Fiber bundle description of number scaling in gauge theory and geometry

TL;DR

This paper employs fiber bundles to model number scaling effects in gauge theory and geometry, revealing how scalar fields influence vector and geometric structures, with implications for massless and massive gauge bosons.

Contribution

It introduces a fiber bundle framework incorporating number scaling into gauge theory and geometry, providing new insights into the behavior of gauge fields and geometric quantities.

Findings

B field is massless and unaffected by electromagnetic fields.

The A field influences path lengths and geodesics.

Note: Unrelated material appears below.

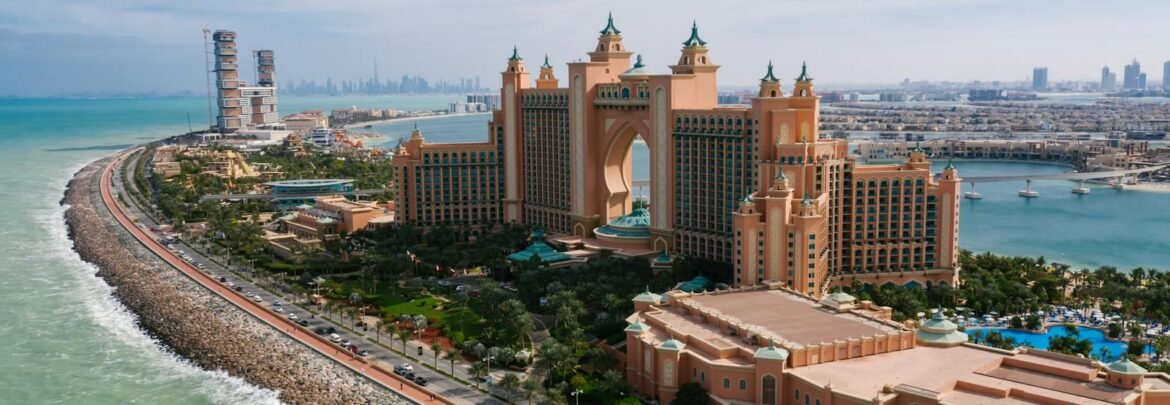 A breathtaking drone shot of Atlantis, The Palm resort in Dubai, highlighting the luxurious urban landscape.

Lack of evidence for the gradient field suggests weak coupling or near-zero values.

Abstract

This work uses fiber bundles as a framework to describe some effects of number scaling on gauge theory and some geometric quantities. A description of number scaling and fiber bundles over a flat space time manifold, M, is followed by a description of gauge theory. A fiber at point x of M contains a pair of scaled complex number and vector space structures, $C^{c}_{x}\times V^{c}_{x} $ for each c in GL(1,C). A space time dependent scalar field, g, determines, for each x, the scaling value of the vector space structures that contain the values of a vector valued matter field at x. The vertical components of connections between neighboring fibers are taken to be the gradient field A(x)+iB(x), of g. Abelian gauge theory for these fields gives the result that B is massless and no mass restrictions for A. Addition of an electromagnetic field dies not change these results. In the Mexican hat Higgs mechanism B combines with a Goldstone boson to create massive vector bosons, the photon field, and the Higgs field. For geometric quantities the fiber bundle is a tangent bundle with a fiber at point x containing scaled pairs, $R^{r}_{x}\times T^{r}_{x}$ of real number and tangent space structures for each x and and nonnegative real r. B is zero everywhere. The A field affects path lengths and the proper times of clocks along paths. It also appears in the geodesic equation. The lack of physical evidence for the gradient field, A(x)+iB(x) means that it either couples very weakly to matter fields or that it is close to zero for all x in a local region of cosmological space and time. It says nothing about the values outside the local region.